Even if our horizon is limited (the range in which we can percieve), as long as science continues "to be getting there" in understanding and interpreting concepts that don't have a shred of evicence, the speculation of defining the unknown will be less of a suffering and more of a motivation.
In fact, people can fall into a false soul mate trap more easily if they choose not to research it, or worse yet if they wait to research it until after they've already fallen head over heels and become victims of confirmation bias.
I completely agree with most of this, so I'll just avoid being an echo chamber for this. But for the part that I don't agree with, I do feel people do research it to some extent, but see, here's the thing:
They don't want to research it to the extreme before attempting it because then they'll start having expectations that leads towards greater confirmation bias.
(Because if they researched it well enough, they will most likely believe a certain thing has to happen to confirm it being probable (the twin souls in this case)).
There are limits and qualifications that establish what should be an ideal amount of knowledge before engaging into something like twin souls. But honestly, a person is going to want to get the basics of it down first (light research), and then learn from their own eyes and experience instead of potentially relying on psychological predispositions of it.
Now what you said about the person going too far in the deep end to be able to research it properly, it sort of depends if the person can or cannot shift back to the foundations they had before going into that deep end.

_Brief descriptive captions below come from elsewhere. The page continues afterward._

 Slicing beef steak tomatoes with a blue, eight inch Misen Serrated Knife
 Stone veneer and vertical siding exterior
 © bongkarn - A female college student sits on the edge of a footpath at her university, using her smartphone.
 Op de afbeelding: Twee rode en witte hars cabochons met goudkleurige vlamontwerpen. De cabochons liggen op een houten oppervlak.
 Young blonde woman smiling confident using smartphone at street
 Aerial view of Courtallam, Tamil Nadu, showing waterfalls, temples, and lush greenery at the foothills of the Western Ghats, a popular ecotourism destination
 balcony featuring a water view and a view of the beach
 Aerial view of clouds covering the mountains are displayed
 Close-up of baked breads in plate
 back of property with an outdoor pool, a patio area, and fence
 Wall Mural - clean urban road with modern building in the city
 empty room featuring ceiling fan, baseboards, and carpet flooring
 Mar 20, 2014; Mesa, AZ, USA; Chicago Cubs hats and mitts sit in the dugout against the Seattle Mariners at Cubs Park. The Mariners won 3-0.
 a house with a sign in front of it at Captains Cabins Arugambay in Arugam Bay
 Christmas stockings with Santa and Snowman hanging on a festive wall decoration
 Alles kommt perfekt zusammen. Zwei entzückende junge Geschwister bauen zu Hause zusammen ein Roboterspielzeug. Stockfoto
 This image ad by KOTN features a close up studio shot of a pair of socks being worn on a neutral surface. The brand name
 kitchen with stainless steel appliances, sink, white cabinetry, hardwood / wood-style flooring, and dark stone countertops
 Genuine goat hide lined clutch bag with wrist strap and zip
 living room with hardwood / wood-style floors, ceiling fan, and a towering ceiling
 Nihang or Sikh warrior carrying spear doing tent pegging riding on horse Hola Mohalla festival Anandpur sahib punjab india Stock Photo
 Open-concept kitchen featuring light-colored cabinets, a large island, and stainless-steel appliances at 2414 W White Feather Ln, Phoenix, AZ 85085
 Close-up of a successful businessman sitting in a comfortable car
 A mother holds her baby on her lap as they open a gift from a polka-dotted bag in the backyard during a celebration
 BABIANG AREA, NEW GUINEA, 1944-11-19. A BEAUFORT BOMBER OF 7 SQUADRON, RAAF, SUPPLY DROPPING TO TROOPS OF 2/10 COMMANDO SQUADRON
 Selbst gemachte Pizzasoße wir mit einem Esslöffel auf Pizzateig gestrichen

An analogy of this is what I used for someone before:
You're a google search engine. (The foundation of what you believe in before you went into the concept of Twin Souls)
You send Google Spiderbots to learn something (twin souls).
You rely that these spider bos (which is you exploring), will come back to the foundation (the base of the search engine) and add on to your totality of what you think Twin Souls, Karmic partners, etc. really is.
Some people aren't able to go back (which is why they're essentially in limbo or "hallucination" because the google spider bot had an error in sending that information back), but it doesn't mean it's impossible for them to come to a revelation that they must go back to that foundation.